(Stored data)
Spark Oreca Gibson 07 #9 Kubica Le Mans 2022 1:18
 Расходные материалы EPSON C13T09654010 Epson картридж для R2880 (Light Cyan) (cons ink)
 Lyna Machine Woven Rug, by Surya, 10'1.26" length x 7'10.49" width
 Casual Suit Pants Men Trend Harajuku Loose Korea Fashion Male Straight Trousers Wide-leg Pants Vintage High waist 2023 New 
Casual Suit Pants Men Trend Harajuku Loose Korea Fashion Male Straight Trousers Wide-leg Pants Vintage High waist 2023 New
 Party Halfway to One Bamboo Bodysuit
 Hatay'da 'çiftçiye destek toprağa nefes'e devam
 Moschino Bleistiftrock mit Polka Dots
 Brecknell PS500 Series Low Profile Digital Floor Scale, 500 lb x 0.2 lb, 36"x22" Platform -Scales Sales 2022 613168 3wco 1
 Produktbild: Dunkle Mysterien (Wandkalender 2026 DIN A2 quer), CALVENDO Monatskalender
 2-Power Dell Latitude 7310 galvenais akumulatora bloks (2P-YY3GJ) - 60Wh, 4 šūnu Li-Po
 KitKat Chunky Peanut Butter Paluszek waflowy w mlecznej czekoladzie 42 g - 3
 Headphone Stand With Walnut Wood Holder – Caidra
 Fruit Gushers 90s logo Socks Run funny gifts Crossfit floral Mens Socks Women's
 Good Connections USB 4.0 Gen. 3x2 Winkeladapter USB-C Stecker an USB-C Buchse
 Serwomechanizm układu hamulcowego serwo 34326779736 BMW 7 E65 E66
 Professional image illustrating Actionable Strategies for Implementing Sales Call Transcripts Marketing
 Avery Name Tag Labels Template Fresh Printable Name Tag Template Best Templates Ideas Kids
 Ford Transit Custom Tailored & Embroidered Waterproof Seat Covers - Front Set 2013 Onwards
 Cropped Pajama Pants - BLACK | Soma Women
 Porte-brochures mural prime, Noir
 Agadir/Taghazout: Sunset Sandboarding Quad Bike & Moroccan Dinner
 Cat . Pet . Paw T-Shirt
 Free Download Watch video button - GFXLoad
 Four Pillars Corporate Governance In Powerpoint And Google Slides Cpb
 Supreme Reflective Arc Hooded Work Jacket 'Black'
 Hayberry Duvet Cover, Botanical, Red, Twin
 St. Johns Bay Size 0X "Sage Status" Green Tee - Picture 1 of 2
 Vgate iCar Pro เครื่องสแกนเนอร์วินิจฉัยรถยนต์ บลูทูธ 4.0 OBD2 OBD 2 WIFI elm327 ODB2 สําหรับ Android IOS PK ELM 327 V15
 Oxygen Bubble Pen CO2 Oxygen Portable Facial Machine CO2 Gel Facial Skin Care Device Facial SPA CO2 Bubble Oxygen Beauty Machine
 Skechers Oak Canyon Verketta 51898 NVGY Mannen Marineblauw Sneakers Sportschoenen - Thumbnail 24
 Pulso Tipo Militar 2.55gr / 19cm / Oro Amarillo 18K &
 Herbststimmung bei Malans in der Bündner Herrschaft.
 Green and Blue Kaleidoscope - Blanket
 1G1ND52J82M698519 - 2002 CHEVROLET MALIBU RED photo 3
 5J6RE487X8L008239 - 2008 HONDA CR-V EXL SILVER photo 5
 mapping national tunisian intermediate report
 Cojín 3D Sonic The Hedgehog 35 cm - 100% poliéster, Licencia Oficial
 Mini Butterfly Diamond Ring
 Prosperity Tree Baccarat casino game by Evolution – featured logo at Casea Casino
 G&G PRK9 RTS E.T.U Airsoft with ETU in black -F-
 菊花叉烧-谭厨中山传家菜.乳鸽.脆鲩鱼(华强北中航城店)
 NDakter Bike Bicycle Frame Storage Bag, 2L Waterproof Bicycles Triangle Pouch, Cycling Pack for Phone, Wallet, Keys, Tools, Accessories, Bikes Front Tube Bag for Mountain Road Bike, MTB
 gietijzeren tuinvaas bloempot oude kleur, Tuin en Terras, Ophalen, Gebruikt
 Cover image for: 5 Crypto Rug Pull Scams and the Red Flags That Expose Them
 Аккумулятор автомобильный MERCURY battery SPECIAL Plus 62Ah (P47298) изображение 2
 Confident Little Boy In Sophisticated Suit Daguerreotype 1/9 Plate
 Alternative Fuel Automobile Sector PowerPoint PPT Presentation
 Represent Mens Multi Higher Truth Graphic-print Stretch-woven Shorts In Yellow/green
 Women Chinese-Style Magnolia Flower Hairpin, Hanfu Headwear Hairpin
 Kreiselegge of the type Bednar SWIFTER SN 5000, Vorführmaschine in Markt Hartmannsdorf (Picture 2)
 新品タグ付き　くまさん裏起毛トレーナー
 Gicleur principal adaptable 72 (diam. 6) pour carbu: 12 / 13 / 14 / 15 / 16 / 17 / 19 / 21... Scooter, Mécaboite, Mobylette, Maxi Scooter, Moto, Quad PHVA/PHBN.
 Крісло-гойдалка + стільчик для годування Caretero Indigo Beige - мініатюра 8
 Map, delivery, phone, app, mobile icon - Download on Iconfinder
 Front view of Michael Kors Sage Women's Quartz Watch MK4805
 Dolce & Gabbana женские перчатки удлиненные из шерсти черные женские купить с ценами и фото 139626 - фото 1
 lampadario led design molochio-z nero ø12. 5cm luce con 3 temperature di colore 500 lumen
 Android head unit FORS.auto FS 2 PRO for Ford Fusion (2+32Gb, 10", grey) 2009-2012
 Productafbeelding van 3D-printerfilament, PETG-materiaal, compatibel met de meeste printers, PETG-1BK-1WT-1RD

THE PROBLEM: Take the lines above from the one containing "KitKat Chunky Peanut" down to the one containing "Good Connections USB", and transcribe them exactly, both ends included.

RESPONSE AREA:
 KitKat Chunky Peanut Butter Paluszek waflowy w mlecznej czekoladzie 42 g - 3
 Headphone Stand With Walnut Wood Holder – Caidra
 Fruit Gushers 90s logo Socks Run funny gifts Crossfit floral Mens Socks Women's
 Good Connections USB 4.0 Gen. 3x2 Winkeladapter USB-C Stecker an USB-C Buchse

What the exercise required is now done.